__MATERIAL FOR THE TASK__:
--*--

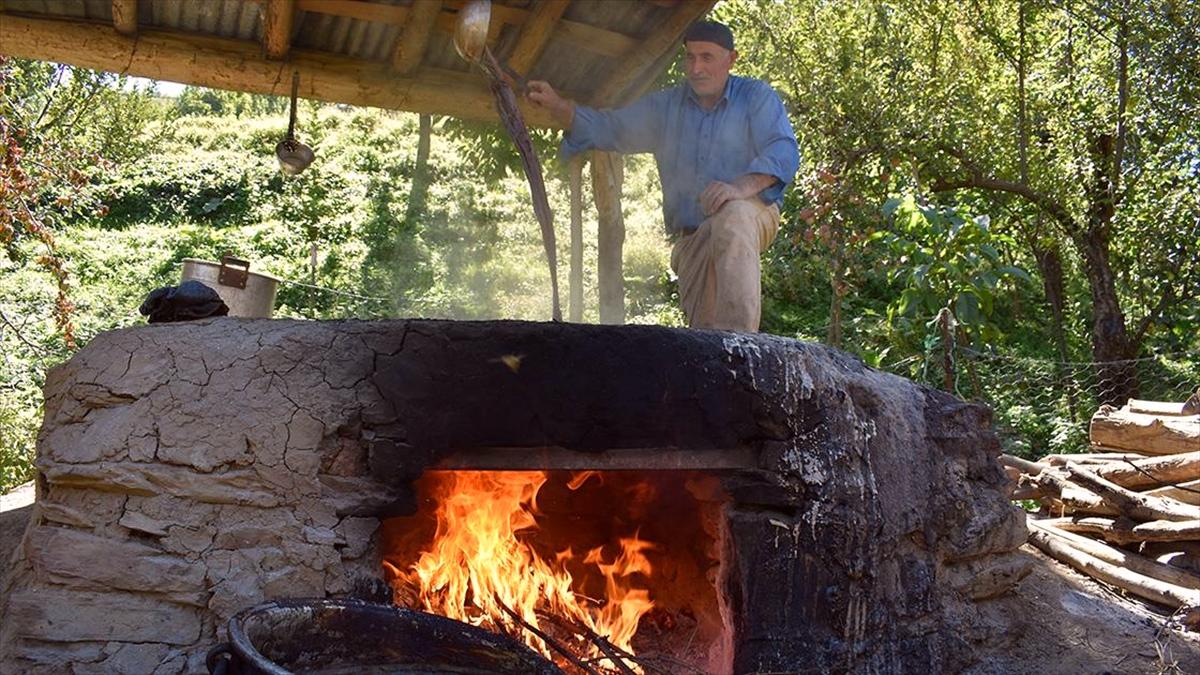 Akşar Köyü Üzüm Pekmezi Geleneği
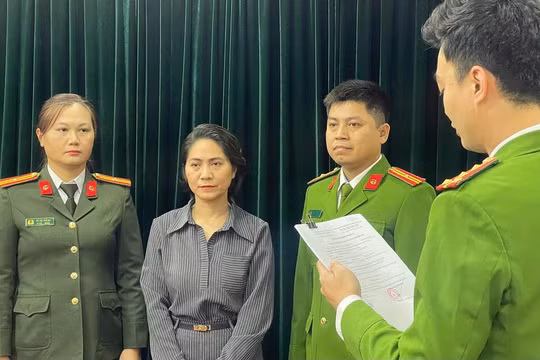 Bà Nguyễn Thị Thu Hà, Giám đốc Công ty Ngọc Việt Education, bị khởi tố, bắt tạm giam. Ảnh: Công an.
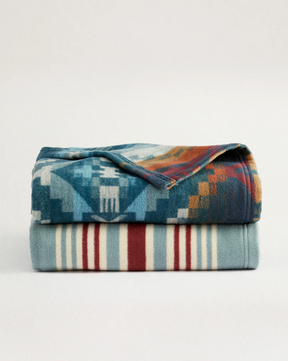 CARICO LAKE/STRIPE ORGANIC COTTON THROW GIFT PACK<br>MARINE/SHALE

--*--

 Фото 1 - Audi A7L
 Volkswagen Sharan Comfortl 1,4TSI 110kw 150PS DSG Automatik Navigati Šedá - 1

--*--

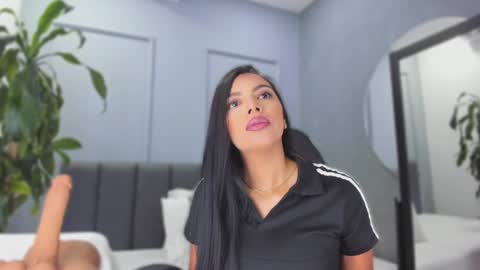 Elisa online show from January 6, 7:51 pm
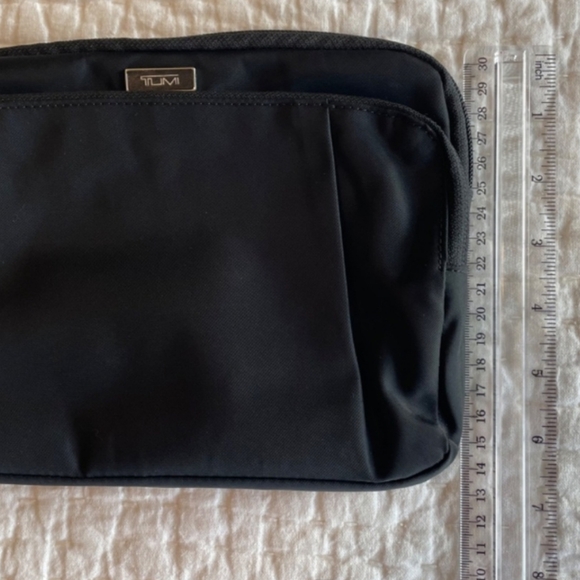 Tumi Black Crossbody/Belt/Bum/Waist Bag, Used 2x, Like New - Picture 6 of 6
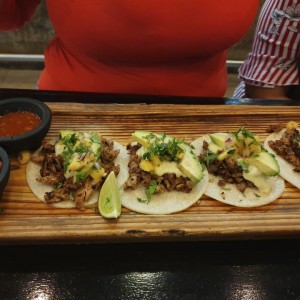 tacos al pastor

--*--

Although the records above contain pictures, the copy should not; retype exactly the lines from the one containing "Elisa online show from January 6, 7:51 pm" through the one containing "tacos al pastor".

__EXERCISE OUTPUT__:
 Elisa online show from January 6, 7:51 pm
 Tumi Black Crossbody/Belt/Bum/Waist Bag, Used 2x, Like New - Picture 6 of 6
 tacos al pastor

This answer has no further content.